◆ DATA SECTION
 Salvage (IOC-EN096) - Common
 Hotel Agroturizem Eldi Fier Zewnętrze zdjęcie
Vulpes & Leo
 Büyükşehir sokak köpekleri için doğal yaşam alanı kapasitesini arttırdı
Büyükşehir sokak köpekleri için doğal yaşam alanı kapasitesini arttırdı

* * *

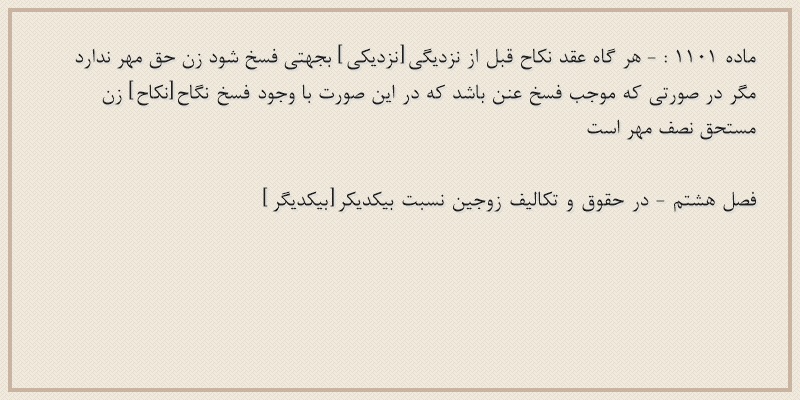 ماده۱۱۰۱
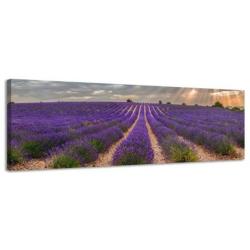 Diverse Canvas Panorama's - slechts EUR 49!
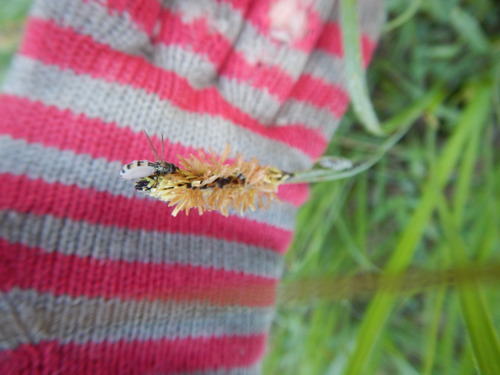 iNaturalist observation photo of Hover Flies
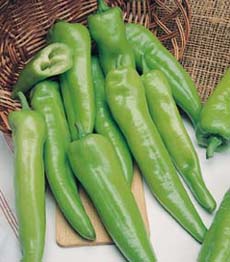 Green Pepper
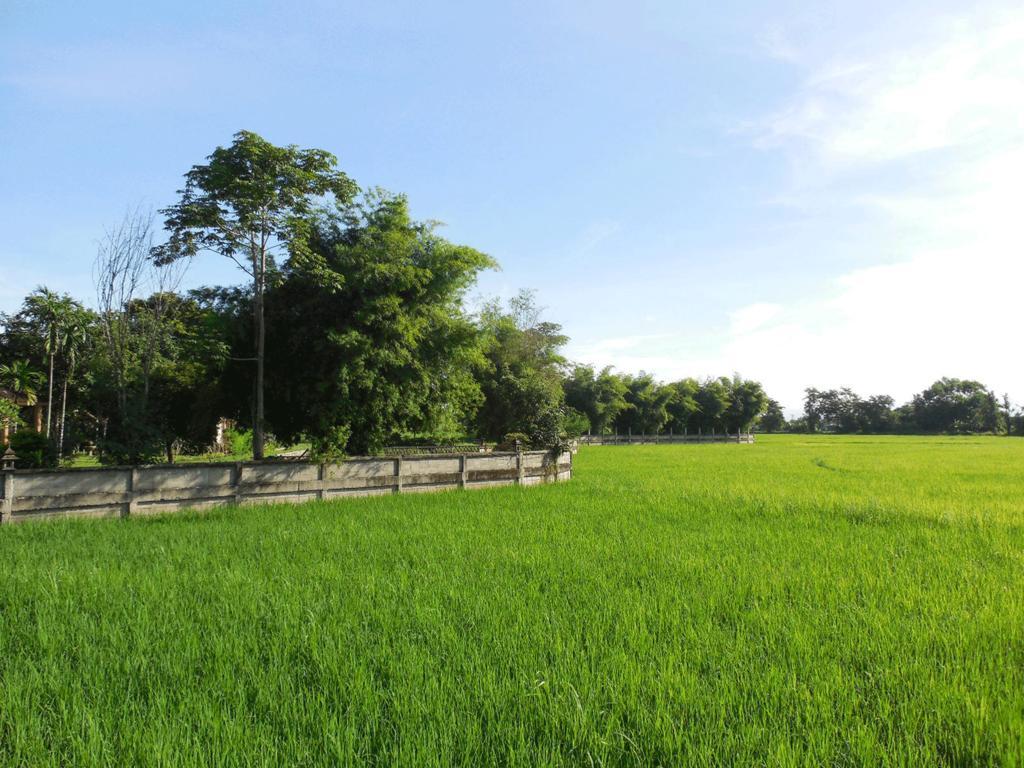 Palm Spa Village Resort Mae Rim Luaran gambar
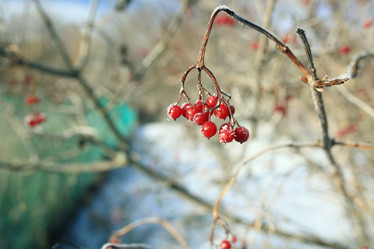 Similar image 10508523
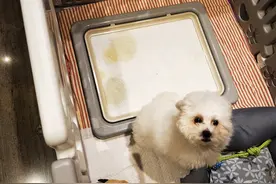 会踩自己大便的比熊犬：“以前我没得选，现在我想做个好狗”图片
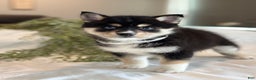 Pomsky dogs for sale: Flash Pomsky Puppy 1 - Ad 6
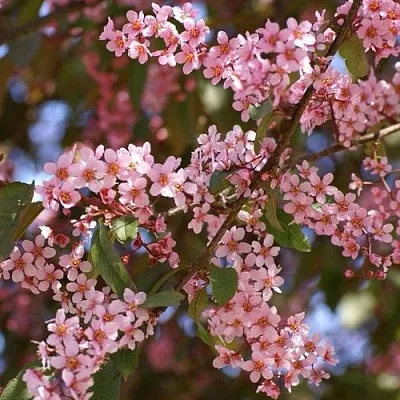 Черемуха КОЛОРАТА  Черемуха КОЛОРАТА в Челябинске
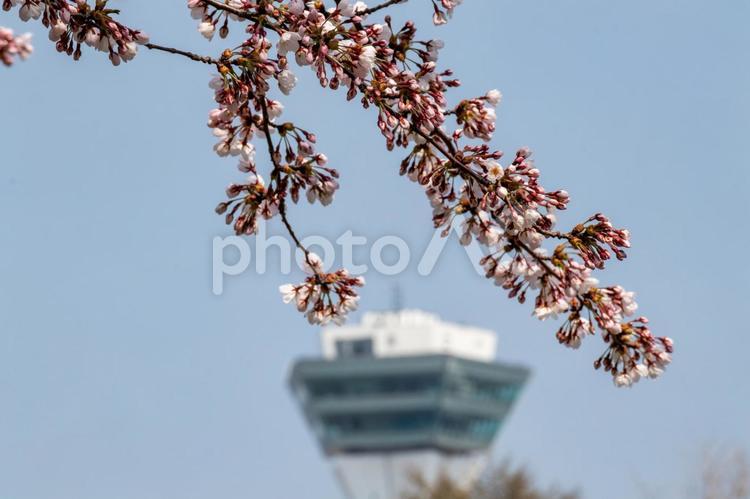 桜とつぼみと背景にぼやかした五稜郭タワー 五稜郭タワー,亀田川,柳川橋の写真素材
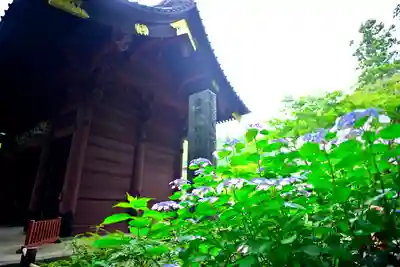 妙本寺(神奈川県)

◆ TASK DETAILS
Whenever the string "kapasitesini" shows up on a line of the listing, copy that line.

◆ ANSWER FOR THE TASK
 Büyükşehir sokak köpekleri için doğal yaşam alanı kapasitesini arttırdı
Büyükşehir sokak köpekleri için doğal yaşam alanı kapasitesini arttırdı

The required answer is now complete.